The human body is an amazing piece of meat machinery, no question about it. Also? It’s sort of icky. Especially if you’re one of the dudes trying to get a look at the stuff inside the skin wrapping. It’s slippery, bloody, goopy and, sometimes, pretty darn smelly.

Could be one of the big reasons some folks decide doctorin’ isn’t their real professional choice. They need something with a bit smaller squick factor. Like say, roadkill collector. You know, as you do.

Anyway.

If you’re still interested in the human body and how it works and where the various bits are, but you don’t want to be elbows deep in an undecipherable mess of gunk, and those pictures in various textbooks just don’t cut it, well, I’ve got some very good information for you.

Get ready for the BioDigital Human.
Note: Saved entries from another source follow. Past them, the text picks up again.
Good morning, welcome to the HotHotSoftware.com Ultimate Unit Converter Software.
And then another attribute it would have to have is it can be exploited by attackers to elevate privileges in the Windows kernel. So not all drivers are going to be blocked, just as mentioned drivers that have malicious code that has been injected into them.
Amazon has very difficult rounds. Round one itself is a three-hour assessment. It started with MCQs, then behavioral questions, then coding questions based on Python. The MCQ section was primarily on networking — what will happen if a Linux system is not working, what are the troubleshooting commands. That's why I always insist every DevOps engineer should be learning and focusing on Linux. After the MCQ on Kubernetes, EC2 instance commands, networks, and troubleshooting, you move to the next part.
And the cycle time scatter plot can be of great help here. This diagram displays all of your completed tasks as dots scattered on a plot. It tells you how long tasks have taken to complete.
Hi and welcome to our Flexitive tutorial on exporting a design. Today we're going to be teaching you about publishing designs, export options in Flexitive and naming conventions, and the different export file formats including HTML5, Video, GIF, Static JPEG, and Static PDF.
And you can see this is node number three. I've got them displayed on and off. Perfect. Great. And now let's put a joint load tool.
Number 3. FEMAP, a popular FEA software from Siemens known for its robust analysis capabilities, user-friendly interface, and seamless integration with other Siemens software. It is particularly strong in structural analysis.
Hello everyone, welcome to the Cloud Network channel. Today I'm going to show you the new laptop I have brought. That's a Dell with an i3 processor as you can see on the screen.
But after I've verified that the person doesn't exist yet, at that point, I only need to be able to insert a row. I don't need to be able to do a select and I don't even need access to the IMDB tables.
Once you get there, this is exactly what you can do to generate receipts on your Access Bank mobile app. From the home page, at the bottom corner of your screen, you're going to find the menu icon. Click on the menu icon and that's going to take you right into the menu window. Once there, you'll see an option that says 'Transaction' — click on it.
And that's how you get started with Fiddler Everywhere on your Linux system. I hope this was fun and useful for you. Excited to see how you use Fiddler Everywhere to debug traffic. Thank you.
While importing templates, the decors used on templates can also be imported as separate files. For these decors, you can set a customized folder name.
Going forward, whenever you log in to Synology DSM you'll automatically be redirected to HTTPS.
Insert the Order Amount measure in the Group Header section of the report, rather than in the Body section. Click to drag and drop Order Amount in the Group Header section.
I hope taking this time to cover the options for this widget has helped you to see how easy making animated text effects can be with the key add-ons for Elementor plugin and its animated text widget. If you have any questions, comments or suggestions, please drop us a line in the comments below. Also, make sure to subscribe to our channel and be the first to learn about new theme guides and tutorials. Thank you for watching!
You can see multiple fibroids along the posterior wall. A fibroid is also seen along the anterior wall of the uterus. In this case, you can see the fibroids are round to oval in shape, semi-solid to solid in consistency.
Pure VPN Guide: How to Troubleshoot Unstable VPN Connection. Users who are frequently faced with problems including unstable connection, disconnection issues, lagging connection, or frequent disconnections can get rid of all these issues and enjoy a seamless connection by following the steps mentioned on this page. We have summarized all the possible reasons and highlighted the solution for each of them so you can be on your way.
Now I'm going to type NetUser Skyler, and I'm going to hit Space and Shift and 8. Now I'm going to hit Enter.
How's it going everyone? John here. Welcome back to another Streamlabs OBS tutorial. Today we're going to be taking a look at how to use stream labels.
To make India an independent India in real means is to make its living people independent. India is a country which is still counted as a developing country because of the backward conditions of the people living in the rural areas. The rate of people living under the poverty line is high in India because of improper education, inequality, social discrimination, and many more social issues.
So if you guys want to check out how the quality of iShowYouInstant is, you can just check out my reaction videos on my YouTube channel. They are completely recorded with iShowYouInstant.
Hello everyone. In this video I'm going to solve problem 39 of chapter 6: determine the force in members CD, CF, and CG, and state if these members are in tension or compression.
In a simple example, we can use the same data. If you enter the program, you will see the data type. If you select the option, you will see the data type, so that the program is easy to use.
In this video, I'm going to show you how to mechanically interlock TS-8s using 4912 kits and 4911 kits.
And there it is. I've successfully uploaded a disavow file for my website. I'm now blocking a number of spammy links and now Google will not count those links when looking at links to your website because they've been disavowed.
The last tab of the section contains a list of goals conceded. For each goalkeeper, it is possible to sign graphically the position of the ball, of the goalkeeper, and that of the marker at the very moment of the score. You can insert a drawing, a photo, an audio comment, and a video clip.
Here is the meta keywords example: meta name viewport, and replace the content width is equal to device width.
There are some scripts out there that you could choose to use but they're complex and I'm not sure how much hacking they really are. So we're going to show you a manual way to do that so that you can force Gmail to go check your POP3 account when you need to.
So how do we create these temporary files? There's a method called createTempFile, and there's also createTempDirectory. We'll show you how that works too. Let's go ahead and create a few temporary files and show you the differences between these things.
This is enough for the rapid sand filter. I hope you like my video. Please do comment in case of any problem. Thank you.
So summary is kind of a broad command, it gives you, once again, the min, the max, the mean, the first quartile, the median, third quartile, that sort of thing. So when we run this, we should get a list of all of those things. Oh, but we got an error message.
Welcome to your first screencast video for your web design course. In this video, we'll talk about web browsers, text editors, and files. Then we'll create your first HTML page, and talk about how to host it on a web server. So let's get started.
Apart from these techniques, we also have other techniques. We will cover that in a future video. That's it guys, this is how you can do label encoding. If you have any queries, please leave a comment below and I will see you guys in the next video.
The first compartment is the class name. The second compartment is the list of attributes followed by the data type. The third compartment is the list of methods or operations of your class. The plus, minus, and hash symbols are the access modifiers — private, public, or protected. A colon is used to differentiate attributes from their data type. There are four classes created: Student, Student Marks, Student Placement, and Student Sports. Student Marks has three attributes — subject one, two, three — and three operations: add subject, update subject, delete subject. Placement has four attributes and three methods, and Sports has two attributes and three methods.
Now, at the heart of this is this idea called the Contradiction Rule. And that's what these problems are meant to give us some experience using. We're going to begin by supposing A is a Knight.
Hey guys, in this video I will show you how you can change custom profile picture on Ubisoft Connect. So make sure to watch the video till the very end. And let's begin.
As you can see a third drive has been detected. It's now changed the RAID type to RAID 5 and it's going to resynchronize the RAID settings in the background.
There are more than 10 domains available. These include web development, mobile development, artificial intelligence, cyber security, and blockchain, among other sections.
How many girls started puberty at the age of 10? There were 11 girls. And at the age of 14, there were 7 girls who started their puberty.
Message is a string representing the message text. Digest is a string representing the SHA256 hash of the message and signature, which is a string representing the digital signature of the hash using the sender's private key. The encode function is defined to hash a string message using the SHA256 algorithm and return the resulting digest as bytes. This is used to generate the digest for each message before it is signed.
This, dudes, is an amazingly cool site.

What it offers is an astonishingly clear three-dimensional image of the human body, broken down into various systems. That is, you can start with the skeletal system and have a rotatable 3-D image of a skeleton. Add in the endocrine system and various glands start showing up. Then you can add in the digestive system and *paf* you’ve got your intestines of varying lengths, the stomach, the tongue, mouth, esophagus, etc. etc.

This is very cool. I’ve been playing around with the site for a couple of days now and, just noodling around there, I feel like I’ve got a much better idea of how different bodily systems work with each other. And I wasn’t even trying that hard. I just picked it up. In addition to the systems, you also can include various conditions, like a normal heartbeat or a heart beating with atrial fibrillation and, suddenly, there’s a beating heart sitting there in the chest.

My favorite view so far is the skeletal system combined with the nervous system because then I’ve got an image of a skeleton with eyeballs sticking from a desiccated, bony face, grinning with teeth that are far too big. It’s creepy. But not as creepy as what we get when we take away the skeletal system. A walking nervous system with nothing else to keep it upright.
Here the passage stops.